Abstract

Although it is an entrenched principle of company law that the abuse of corporate personality may require the “corporate veil” of a company to be “pierced”, this possibility has only recently become a feature of South African trust law. While this is a salutary development in theory, the application and practical usefulness of this remedy remain shrouded in uncertainty. A particularly acute manifestation hereof arises where it is argued that (the value of) trust property should be considered for the purposes of dividing matrimonial property at divorce. By drawing on the established principles of “piercing” in the company context and analysing relevant case law, Part One of this article concludes that the prevailing position in respect of trusts neither accords with the principles of proper trust administration nor gives effect to the legal obligations imposed on divorcing spouses by matrimonial property law.

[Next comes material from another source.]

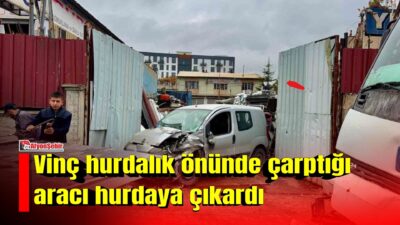 Afyonkarahisar’da kontrolden çıkan vinç hurdalık önünde çarptığı hafif ticari aracı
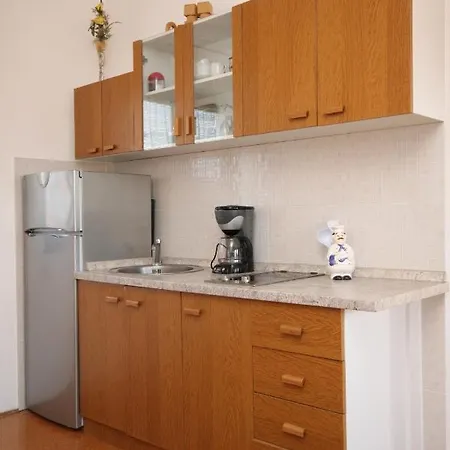 Apartment 7171a *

More specifically, it is argued that, while piercing the trust veil is a power that is derived from common law (as opposed to legislation), the actual exercising of this power in a divorce context is dependent on a nexus provided by the matrimonial property regime in question. From this platform, Part Two of this article will provide perspectives on how the property of an abused trust should be dealt with in divorces involving the three major matrimonial property regimes that are recognised by South African family law. In addition, it will be argued that potential litigation based on these contentions should contribute towards rectifying the unsatisfactory legal position that prevails.